The $c_0[]$ curve is cosine of zero, which is always 1. This means that the $ReX[0]$ array holds the average value of all points in the $x[]$ signal. $s_0[]$ is `sin(0)` which is always zero - no information can be gained from this waveform, and $ImX[0]$ will always be zero.

You can recognize pretty easily that the discrete markers in $c_2[]$ and $s_2[]$ complete 2 cycles even if the continuous waveform underneath wasn't there. These two correspond to $ReX[2]$ and $ImX[2]$.

The discrete points in the 10 cycle waves look a little less recognizable. Even though neither look like sine/cosine waves any longer, 10 complete cycles are still made within the 32 point signal. These two correspond to $ReX[10]$ and $ImX[10]$.

Things get interesting with $c_{N/2}[]$ and $s_{N/2}[]$. The discrete cosine wave is pulling samples from each peak, while the discrete sine wave is sampling at the zero-crossing. If we try to take the samples at a higher rate (i.e. 17 and above), aliasing occurs. What this means is frequencies above the Nyquist frequency, $N/2$, become indistinguishable to the fundamental frequencies. The aliased frequencies are *mirrored* around the Nyquist frequency. To see what I mean, try changing the `16` to a `30` in the `freqs` array above and see what the resulting waveform looks like.

Notice that taking the DFT of a 32 point signal results in two 17 point signals, or 34 total output points. So where did the extra information come from? In reality, there is none - $ImX[N/2]$ and $ImX[0]$ contain zero information, and contribute nothing to the decomposition of the signal $^{[2]}$.

## Analysis - Calculating the DFT

There are a few ways to calculate the DFT. The Fast Fourier Transform (FFT) is the most efficient way to calculate the DFT, but it is somewhat complicated and not very useful when trying to learn what the DFT does to a signal. Here we will calculate the DFT by correlating some input signal with the basis functions.
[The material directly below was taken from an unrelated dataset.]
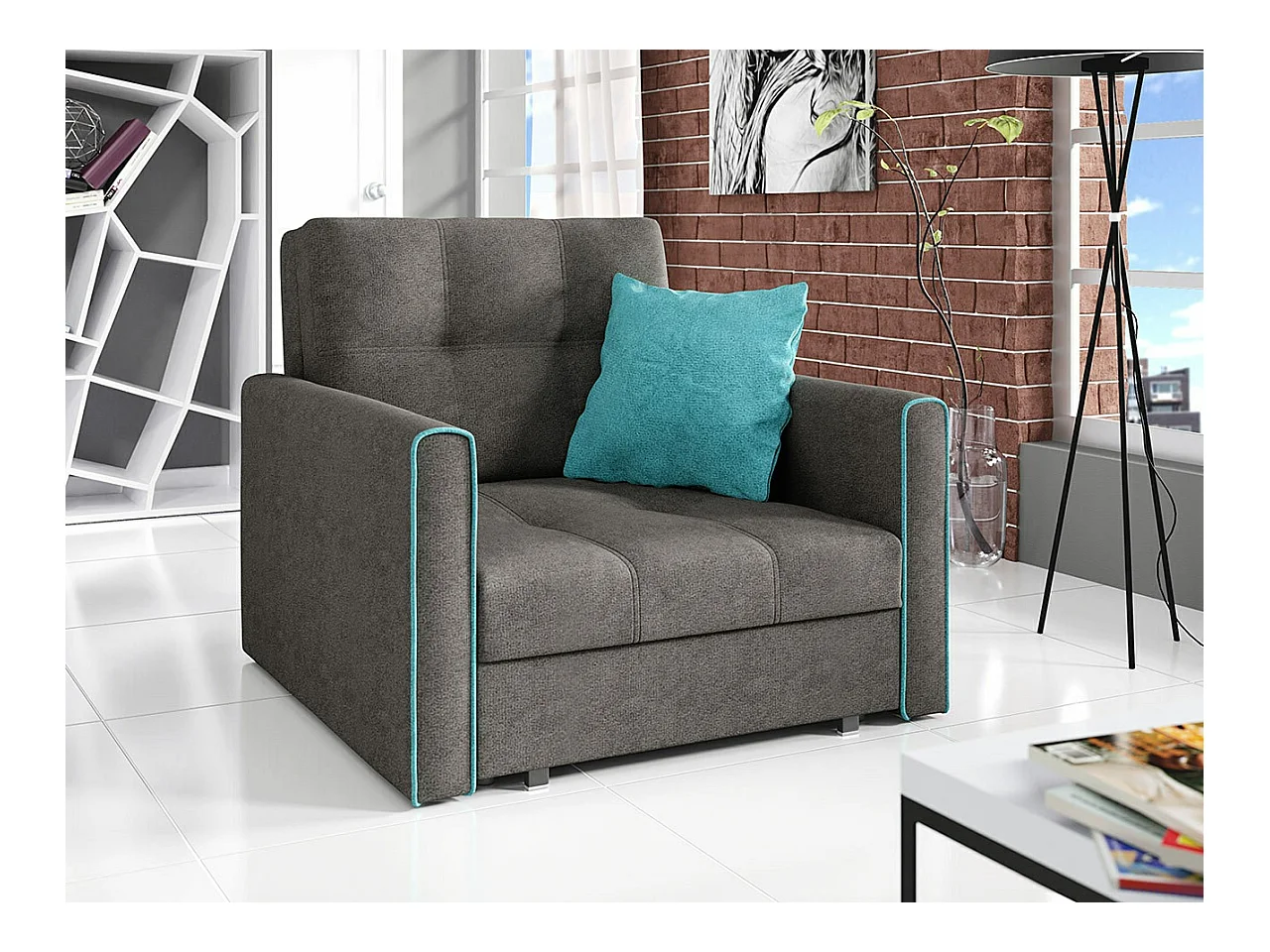 Fauteuil Columbus 104, Gris, 85x103x98cm, Tapisserie, Pieds: Métal
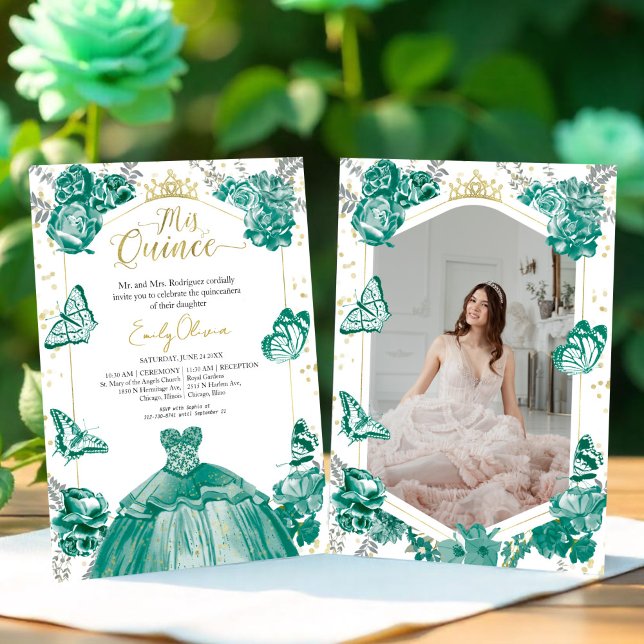 Photo Quinceanera Invitation Emerald Green Floral  (Creator Uploaded)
As mentioned earlier, correlating two signals involves multiplying one signal to another and summing all of the points to find how similar the two signals are. Let's say we have a 64 point sine wave that completes 3 cycles, called $x_1$, and another 64 point signal composed of multiple sine and cosine waves, $x_2$, none of which make three complete cycles. If we correlated both of these signals with the basis function $s_3[]$, we should expect $ImX[3]$ for $x_1$ to contain the average amplitude of $x_1$, and to contain 0 for $x_2$ (since a sine wave completing 3 cycles is not present in $x_2$).

In [5]:
N = 64
samples = np.arange(N)

# Input signal that completes 3 sin cycles
x1 = 1.0*np.sin(2*np.pi*3.0*samples/N)

# Input signal that completes 17 sin cycles, 5 cos cycles, and 9 sin cycles
x2 = 0.1*np.sin(2*np.pi*4.0*samples/N) + 0.5*np.cos(2*np.pi*1.0*samples/N) + 1.4*np.sin(2*np.pi*5.0*samples/N)

# The basis function s3 that we will correlate with the input signals
s3 = np.sin(2*np.pi*3.0*samples/N)

# Correlate the two input signals with the s3 basis function
x1s3 = x1 * s3
x2s3 = x2 * s3

# Print the averages
print(f"Average of x1[] X s3[] = {np.average(x1s3)}")
print(f"Average of x2[] X s3[] = {np.average(x2s3)}")
print(f"Sum of x1[] X s3[] = {np.sum(x1s3)}")
print(f"Sum of x2[] X s3[] = {np.sum(x2s3)}")

fig = make_subplots(rows=3, cols=2, subplot_titles=("x1[], input", "x2[], input",
                                                    "s3[], basis fn", "s3[], basis fn",
                                                    "x1[] X s3[]", "x2[] X s3[]"))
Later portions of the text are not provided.